田口ランディの小説は初めて読んだけど、なんだか盗作騒ぎで有名な人らしい。その事件の内容も知らないのでどこまで本当なのかも判断できないが、この短編集は読み応えがあった。筆致は非常に軽く、若者読者でもさらさらと読み下せるような表現にしてあるが、素材とテーマの重みに筋立てが負けていない。表面上の過度の(?)風俗小説感が広島・長崎の惨禍とちゃんと対峙している。書かれたのは少し前の作品だが、3・11以降、その寓意が改めて重みを増しているように感じられる。

■一番衝撃的だったのは「永遠の火」で、実在する「原爆の火」にインスパイアされたお話。広島の地で採取され現在まで燃え続ける「原爆の火」を娘の結婚式のキャンドルサービスで使ってくれと言い出す父親と娘の思いを軽妙に描く佳作で唸った。「原爆の火」の存在自体に衝撃を受けたこともあるが、典型的な家庭劇のスタイルで描いた構想も秀逸。これならそのまま松竹映画にできる。山田洋次にぜひとも撮って欲しいくらいだ。

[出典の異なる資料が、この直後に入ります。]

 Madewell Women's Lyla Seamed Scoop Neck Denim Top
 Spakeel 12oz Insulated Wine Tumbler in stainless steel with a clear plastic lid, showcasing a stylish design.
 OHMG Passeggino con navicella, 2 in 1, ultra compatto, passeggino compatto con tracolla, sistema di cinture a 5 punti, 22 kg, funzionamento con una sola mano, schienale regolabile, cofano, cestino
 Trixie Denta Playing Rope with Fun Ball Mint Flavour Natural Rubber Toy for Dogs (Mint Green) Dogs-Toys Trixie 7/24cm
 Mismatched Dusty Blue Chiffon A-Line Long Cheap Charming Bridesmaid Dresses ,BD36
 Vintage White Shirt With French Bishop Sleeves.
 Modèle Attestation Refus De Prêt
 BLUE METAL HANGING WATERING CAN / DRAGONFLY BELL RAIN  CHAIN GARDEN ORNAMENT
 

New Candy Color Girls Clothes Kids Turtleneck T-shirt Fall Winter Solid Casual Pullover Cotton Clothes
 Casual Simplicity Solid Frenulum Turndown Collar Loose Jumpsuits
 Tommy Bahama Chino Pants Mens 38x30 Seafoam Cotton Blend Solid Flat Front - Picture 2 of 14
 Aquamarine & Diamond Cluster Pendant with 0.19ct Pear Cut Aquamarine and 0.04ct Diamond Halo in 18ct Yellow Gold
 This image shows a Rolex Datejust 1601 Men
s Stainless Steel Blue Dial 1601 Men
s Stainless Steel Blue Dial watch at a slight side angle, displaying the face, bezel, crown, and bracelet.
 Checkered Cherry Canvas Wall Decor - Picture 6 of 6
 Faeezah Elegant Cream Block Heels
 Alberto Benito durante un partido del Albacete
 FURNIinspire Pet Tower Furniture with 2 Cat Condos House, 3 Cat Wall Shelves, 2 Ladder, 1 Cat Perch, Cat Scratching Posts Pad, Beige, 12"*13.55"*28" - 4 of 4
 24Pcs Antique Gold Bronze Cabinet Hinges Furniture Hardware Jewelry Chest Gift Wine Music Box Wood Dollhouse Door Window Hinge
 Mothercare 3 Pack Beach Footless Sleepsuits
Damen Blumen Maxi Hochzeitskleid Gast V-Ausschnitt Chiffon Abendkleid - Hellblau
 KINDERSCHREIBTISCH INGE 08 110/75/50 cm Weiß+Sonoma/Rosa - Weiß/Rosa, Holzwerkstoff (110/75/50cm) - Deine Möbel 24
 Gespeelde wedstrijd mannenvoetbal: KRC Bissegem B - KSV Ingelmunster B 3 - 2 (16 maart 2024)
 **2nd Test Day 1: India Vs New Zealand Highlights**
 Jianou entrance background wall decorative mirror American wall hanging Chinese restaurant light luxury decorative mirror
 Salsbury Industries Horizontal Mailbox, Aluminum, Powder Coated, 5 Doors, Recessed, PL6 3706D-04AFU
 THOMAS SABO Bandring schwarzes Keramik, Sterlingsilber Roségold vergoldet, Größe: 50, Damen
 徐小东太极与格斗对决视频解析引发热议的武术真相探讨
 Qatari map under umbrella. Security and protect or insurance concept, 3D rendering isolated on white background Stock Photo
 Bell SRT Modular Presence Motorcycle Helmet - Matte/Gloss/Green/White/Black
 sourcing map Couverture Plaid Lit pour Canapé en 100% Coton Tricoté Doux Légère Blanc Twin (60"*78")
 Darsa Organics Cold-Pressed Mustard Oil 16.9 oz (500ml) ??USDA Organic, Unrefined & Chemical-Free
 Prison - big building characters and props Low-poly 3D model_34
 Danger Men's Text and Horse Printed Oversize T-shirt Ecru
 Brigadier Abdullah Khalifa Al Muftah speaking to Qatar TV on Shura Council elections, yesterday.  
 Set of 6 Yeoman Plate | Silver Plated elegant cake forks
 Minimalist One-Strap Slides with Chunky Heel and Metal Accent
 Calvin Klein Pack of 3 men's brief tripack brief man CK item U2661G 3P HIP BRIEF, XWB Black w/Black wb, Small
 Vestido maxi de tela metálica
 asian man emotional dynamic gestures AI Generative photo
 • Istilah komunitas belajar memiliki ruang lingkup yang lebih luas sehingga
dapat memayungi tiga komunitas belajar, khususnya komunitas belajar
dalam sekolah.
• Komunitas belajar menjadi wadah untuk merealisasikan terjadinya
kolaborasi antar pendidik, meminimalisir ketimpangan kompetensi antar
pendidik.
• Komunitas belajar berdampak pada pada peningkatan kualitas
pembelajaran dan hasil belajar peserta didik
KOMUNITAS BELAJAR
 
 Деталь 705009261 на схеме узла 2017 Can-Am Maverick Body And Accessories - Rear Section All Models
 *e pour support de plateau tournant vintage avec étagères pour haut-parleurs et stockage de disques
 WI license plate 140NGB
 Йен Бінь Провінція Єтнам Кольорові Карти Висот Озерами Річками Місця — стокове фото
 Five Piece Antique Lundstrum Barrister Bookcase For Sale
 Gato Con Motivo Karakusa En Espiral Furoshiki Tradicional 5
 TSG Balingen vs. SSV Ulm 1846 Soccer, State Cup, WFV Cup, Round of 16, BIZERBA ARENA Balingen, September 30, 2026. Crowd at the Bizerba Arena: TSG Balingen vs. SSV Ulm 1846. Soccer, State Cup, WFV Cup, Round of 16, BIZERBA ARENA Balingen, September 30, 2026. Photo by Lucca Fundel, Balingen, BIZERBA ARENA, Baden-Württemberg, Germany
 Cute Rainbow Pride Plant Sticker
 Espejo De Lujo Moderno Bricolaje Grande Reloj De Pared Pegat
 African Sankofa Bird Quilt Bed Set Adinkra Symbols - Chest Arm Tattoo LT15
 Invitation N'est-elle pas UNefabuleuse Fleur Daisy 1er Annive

■表題作「被爆のマリア」は長崎に実在する「被爆マリア像」をモチーフに、現代の家庭内暴力と経済的貧困に晒されるある若い娘のやるせない日常が描かれる。これも着想が秀逸だし、主人公の佐藤さんという娘のせつなさに胸を突かれる。長崎の被爆の惨禍と一見何も関係のないように見える不幸な家庭、経済環境下の、かつかつの、ある意味で毎日が戦争である日常生活を微妙に重ね合わせる。これも、タナダユキが映画化すれば傑作になる確信がある。

■ほんとにこの短編集は是非とも映画化、テレビ化すべき。力のある役者さえ揃えれば低予算で製作できる。2時間ドラマ枠などピッタリだと思うのだがなあ。